When Mizoguchi was growing up in Tokyo, his father lost everything in a failed business venture; as a result, Mizoguchi's beloved older sister Suzu was sold into prostitution. According to biographers, this trauma determined Mizoguchi's lifelong personal fascination with sexually exploited women, reflected in many of his films, including Gion no shimai (Sisters of the Gion), Saikaku ichidai onna (The Life of Oharu), Ugetsu monogatari, and Akasen chitai (Street of Shame). Denied an education by his penurious father, he eventually attended art school with Suzu's financial help, and worked as a commercial artist before obtaining a job as a low-level functionary at the Nikkatsu film studio in 1922. He quickly rose through the ranks and got an opportunity to direct films, the first of which, Ai ni yomigaeru hi (The Resurrection of Love), was released in 1923. Mizoguchi negotiated his career with care and flexibility, managing to maintain his characteristic style and subject matter through changing cultural fashions and political demands, first from the Fascist Japanese government during the 1930s and early 1940s, and then from the occupying American forces following Japan's defeat in World War II.

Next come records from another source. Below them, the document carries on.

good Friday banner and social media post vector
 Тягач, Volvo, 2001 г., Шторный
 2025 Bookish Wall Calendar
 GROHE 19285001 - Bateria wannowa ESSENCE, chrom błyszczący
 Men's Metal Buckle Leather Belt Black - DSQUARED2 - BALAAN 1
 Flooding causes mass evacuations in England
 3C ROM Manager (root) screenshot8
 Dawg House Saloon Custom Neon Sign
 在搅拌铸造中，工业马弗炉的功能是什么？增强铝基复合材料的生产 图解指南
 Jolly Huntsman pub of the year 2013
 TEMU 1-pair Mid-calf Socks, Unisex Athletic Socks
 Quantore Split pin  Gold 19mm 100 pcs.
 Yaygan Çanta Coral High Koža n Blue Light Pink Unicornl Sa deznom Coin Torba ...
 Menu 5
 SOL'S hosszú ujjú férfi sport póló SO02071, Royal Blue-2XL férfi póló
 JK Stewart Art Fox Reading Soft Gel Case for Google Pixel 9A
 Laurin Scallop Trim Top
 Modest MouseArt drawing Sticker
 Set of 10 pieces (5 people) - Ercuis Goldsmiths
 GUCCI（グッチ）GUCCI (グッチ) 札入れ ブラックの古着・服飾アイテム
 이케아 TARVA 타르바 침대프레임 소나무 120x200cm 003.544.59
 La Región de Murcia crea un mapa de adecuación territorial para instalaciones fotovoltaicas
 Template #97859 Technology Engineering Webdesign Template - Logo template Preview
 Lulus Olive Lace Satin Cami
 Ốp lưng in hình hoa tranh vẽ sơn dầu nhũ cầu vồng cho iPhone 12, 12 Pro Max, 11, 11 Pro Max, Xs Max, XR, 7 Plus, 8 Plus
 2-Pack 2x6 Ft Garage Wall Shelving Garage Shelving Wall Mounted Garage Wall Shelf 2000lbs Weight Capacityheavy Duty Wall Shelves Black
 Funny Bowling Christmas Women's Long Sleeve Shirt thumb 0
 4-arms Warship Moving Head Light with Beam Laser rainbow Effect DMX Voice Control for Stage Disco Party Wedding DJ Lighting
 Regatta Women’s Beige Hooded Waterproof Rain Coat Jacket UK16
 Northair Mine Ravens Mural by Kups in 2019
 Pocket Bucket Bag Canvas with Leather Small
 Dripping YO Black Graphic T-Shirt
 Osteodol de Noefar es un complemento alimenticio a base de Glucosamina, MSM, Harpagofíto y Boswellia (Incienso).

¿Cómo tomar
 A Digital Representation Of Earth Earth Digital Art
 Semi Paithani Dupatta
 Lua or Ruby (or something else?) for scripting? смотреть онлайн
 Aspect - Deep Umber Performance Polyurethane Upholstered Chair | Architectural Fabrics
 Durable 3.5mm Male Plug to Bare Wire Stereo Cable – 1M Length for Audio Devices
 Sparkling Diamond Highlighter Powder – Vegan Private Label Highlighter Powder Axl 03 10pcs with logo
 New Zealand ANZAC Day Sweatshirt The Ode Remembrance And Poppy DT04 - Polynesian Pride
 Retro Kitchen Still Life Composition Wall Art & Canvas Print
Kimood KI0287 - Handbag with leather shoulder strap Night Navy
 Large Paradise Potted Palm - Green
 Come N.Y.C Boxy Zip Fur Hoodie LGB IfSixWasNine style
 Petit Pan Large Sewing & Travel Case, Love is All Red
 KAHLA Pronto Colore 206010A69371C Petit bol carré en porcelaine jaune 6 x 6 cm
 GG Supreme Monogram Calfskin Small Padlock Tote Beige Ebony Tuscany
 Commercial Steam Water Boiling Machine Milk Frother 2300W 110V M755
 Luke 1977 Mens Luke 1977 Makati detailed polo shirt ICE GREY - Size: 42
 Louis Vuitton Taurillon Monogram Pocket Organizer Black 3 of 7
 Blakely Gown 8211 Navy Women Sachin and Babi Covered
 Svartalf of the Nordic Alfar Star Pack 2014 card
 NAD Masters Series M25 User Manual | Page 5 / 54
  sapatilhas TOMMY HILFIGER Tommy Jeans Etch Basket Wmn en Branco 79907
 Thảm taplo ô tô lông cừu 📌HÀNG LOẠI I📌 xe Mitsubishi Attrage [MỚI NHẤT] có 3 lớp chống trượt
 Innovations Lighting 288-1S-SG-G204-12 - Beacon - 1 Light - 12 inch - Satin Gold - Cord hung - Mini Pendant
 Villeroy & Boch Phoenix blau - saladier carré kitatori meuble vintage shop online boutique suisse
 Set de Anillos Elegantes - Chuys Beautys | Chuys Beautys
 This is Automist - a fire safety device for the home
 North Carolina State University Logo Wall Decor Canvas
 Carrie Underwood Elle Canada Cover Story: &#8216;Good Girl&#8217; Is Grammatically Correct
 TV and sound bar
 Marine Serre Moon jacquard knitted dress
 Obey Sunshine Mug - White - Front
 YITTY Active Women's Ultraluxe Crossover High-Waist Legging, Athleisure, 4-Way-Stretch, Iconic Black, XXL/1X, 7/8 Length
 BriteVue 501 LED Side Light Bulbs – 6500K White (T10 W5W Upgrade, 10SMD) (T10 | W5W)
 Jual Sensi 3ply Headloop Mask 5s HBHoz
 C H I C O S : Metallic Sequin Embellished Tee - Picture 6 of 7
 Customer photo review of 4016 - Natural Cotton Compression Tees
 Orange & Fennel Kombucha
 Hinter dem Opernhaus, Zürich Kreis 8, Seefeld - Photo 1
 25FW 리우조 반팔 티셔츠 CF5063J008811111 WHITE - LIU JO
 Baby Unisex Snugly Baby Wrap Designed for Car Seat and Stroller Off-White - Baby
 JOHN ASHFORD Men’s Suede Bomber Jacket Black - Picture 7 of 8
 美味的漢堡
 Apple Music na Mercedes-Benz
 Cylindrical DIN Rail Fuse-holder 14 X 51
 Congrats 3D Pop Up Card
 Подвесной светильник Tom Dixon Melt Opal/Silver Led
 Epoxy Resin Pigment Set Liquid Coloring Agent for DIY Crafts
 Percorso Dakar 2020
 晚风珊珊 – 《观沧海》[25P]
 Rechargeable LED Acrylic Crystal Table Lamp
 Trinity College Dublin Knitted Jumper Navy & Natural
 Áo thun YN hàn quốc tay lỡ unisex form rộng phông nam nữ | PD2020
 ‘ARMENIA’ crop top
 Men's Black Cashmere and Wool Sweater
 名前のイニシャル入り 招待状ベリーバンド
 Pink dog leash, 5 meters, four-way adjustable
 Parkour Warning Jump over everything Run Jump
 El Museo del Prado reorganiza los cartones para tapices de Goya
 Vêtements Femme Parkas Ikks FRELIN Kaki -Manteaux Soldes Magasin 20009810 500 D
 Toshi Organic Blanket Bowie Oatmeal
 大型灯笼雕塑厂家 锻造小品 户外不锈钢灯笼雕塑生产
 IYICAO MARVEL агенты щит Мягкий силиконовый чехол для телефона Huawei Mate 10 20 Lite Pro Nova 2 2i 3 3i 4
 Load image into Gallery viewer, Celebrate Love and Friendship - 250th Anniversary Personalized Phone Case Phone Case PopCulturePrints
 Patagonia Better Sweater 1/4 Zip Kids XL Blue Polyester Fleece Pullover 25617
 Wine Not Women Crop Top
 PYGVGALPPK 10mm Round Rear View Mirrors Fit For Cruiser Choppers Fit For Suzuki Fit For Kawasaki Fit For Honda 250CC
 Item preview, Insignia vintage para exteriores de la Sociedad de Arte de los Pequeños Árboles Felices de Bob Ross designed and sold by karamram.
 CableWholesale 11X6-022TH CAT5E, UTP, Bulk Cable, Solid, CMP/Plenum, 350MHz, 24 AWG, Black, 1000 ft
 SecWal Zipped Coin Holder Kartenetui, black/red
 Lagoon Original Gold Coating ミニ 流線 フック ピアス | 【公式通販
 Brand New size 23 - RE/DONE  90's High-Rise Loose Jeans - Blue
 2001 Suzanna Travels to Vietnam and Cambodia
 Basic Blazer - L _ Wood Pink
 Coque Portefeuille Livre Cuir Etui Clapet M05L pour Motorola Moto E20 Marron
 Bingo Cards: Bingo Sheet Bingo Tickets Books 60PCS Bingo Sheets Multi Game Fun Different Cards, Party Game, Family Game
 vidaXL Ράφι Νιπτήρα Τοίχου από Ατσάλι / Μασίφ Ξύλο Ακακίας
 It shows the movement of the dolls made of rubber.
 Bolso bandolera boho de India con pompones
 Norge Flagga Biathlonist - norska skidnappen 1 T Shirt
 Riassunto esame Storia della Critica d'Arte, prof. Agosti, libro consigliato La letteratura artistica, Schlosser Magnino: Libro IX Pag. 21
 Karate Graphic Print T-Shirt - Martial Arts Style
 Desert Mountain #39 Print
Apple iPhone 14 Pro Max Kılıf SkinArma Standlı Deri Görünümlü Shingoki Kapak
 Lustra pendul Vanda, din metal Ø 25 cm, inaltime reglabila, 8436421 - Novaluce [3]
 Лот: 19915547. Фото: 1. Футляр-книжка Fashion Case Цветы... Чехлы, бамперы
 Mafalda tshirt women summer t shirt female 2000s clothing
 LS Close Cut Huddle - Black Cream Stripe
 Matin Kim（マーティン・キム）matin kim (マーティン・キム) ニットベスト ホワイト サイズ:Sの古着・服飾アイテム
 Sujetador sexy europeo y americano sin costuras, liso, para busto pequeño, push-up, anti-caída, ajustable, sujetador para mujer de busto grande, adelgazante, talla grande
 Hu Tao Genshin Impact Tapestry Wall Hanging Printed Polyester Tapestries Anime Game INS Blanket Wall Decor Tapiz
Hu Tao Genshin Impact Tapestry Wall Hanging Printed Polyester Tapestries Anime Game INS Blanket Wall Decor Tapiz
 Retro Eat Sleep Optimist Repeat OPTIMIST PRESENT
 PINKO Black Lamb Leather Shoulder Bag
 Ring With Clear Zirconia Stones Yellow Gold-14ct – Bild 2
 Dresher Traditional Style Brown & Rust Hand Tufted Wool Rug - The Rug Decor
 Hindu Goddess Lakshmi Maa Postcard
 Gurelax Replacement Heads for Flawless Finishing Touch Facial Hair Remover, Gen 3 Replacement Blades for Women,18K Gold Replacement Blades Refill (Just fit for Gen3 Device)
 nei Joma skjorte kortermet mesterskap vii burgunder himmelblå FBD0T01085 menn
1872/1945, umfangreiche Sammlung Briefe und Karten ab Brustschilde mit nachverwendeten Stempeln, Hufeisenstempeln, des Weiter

At the start of his filmmaking career, Mizoguchi distinguished himself with such commercial and critical successes as Kaminingyo ham no sayaki (A Paper Doll's Whisper of Spring and Tokai kokyogaku (Metropolitan Symphony. However, he regarded his silent and early sound films as essentially apprentice work. With studio contracts that allowed him greater creative control, he achieved what he considered his mature style, starting in the mid 1930s with Sisters of the Gion and Naniwa ereji (Osaka Elegy) and culminating with the internationally acclaimed Life of Oharu, Ugetsu, Sansho dayu (Sansho the Bailiff), and Street of Shame. Although Mizoguchi wrote the scripts or original scenarios for some of his early films, most of his more well-known works are based on screenplays written by others, such as Matsutaro Kawaguchi and Yoshikata Yoda. However, Mizoguchi worked closely with his screenwriters and took an active part in shaping scripts to meet his artistic standards. He earned a repuation as a zealous perfectionist who required lengthy research and preparation for both his historical dramas, such as the nationalistic samurai epic Genroku chushingura (The Loyal Forty-Seven Ronin), and his naturalistic modern-day depictions of geishas and other lower-class characters. Altogether he made approximately ninety films, only about a third of which were still in existence by the end of the twentieth century.
From the 1920s through the 1940s, Mizoguchi's films were seldom seen in the West, and his reputation rested primarily with Japanese audiences and critics. Although he scored several popular hits in the 1920s and 1930s, esteem for his work lessened as his artistic signatures, such as the meticulously authentic period piece and the single-take long shot, began to seem stale. Perception of his career changed radically when he entered the world cinema scene with The Life of Oharu, which won him the grand prize at the 1952 Venice Film Festival. The highly influential critics and film-makers of the French New Wave movement established his enduring international public image as one of Japan's greatest directors. During the 1980s, retrospective showings of his films stimulated new scholarly writings and critical appreciations of his works.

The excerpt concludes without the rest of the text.